■ WORK ITEM: Taking the line with "PRETTY LOVE ABIGAIL" as the first, copy every line through the end of the records below exactly. Do not include pictures.

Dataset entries
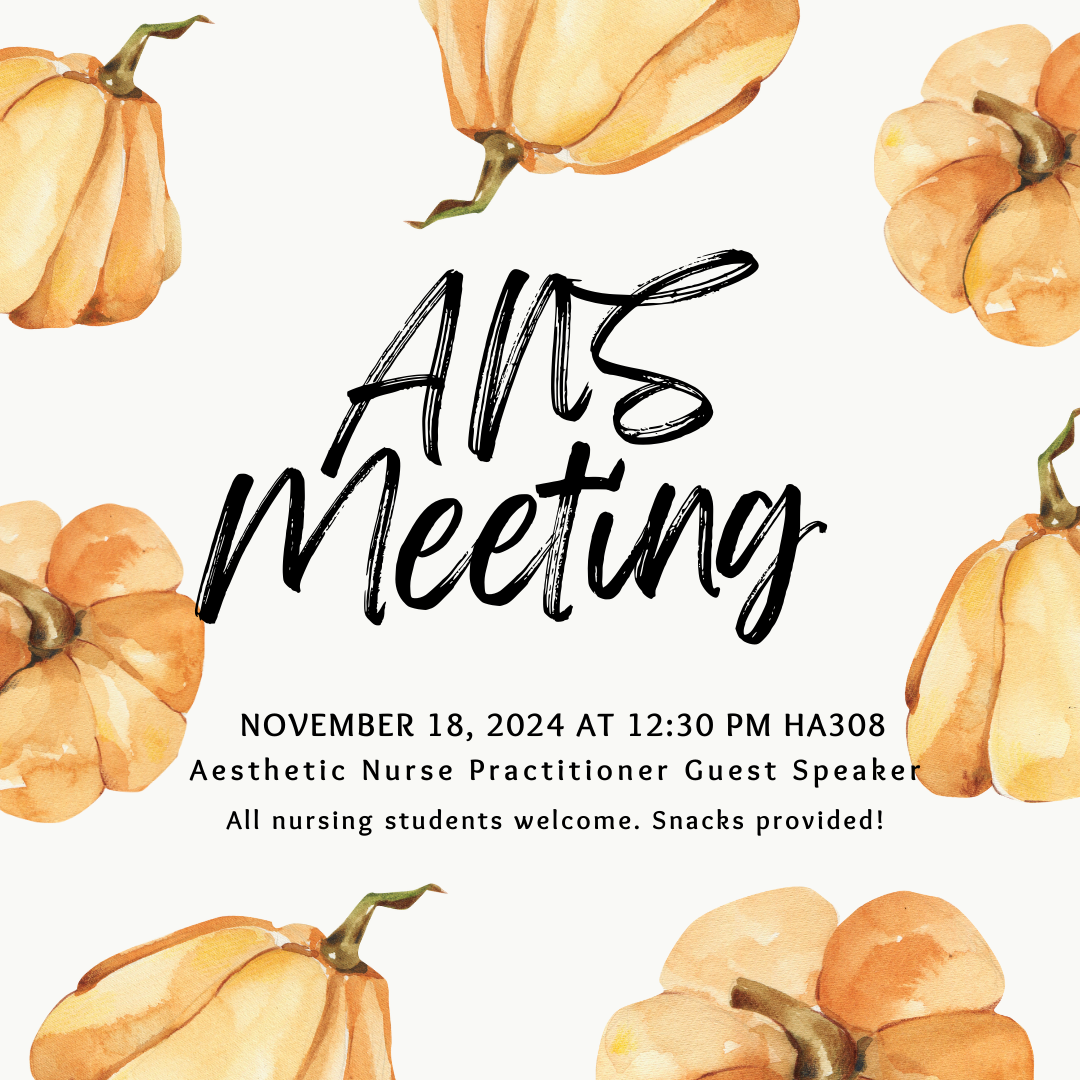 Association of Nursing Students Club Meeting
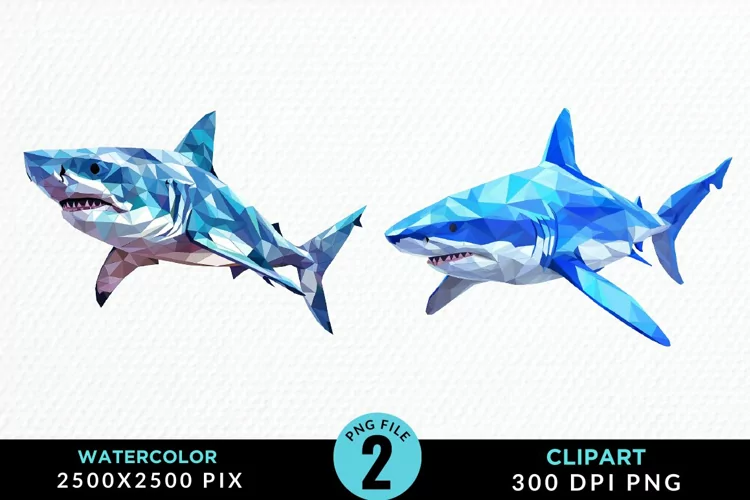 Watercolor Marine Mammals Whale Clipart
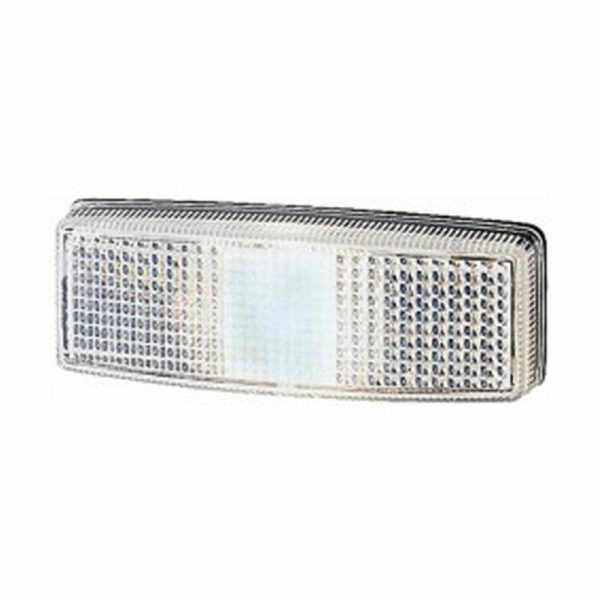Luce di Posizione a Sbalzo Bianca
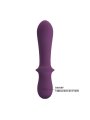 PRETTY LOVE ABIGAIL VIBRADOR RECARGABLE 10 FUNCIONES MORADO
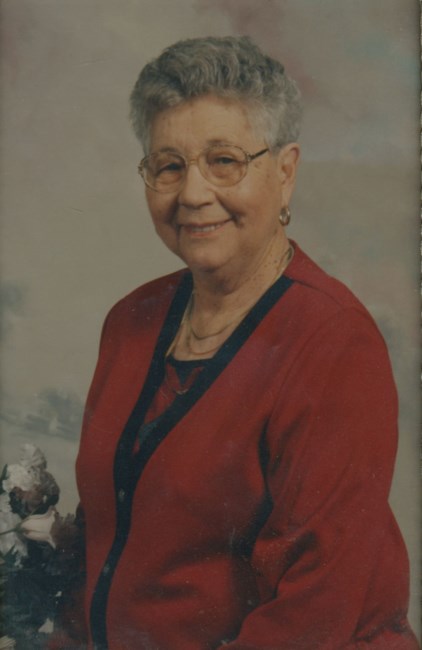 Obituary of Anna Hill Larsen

■ TASK RESULT:
 PRETTY LOVE ABIGAIL VIBRADOR RECARGABLE 10 FUNCIONES MORADO
 Obituary of Anna Hill Larsen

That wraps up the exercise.